The following example shows how to use lazy evaluation with template variables:

template '/tmp/canvey_island.txt' do
  source 'canvey_island.txt.erb'
  variables(
    lazy {
      { :canvey_island => node.run_state['sea_power'] }
    }
  )
end

file-based Resources

Prior to chef-client 11.6, the chef-client relied on the underlying Ruby implementation to define behaviors for file-based resources (cookbook_file, file, remote_file, and template). These resources have been standardized and are now all fully based on the file resource.

  • File-based providers now create all files with the same default permissions. This default is determined by operating system, file system type, and umask settings.
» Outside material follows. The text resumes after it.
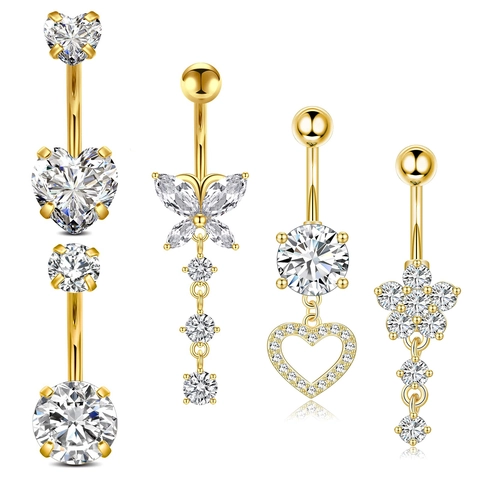 Belly Piercing Navel Rings 316 Stainless Steel Copper Zirconia Heart Butterfly Dangle Sexy Body Jewelry For Women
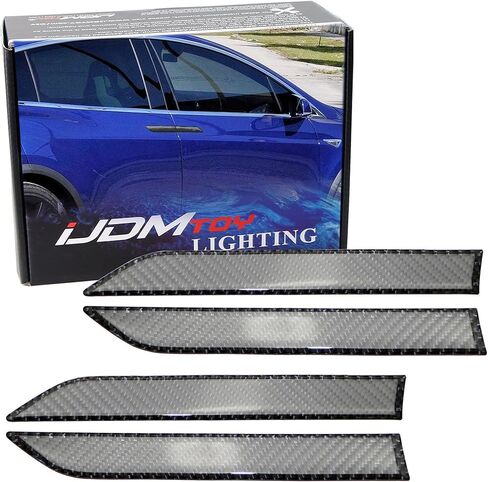 iJDMTOY 4pc Gloss Finish Real/Genuine Black Carbon Fiber Side Door Push Handle Decoration Cover Trims Compatible with 2015-up Tesla Model X in Kuwait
  • When an SSH configuration file is created using the cookbook_file or template resources and the file mode for that SSH configuration file is not specified, it is possible for incorrect permissions to be applied. In previous versions, the chef-client would attempt to create the file with 0600 permissions if the file mode was not specified. For example:

    cookbook_file "/home/bob/.ssh/authorized_keys" do
      owner "bob"
      group "bob"
    end
    

    In chef-client 11.6, the chef-client may create files with other permissions—such as 0644—when the file mode is not specified. This may create situations where the correct permissions for an SSH configuration file are not applied, and subsequent SSH operations could fail. Use the mode attribute to ensure the correct permissions are applied to a file. For example:

    cookbook_file "/home/bob/.ssh/authorized_keys" do
      owner "bob"
      group "bob"
      mode 0600
    end
    
  • File-based providers now have a defined behavior for when they encounter something other than a file when attempting to update a file. The force_unlink attribute is used to trigger an error (default) or to overwrite the target with the specified file. See the attributes section (below) for more information about this attribute.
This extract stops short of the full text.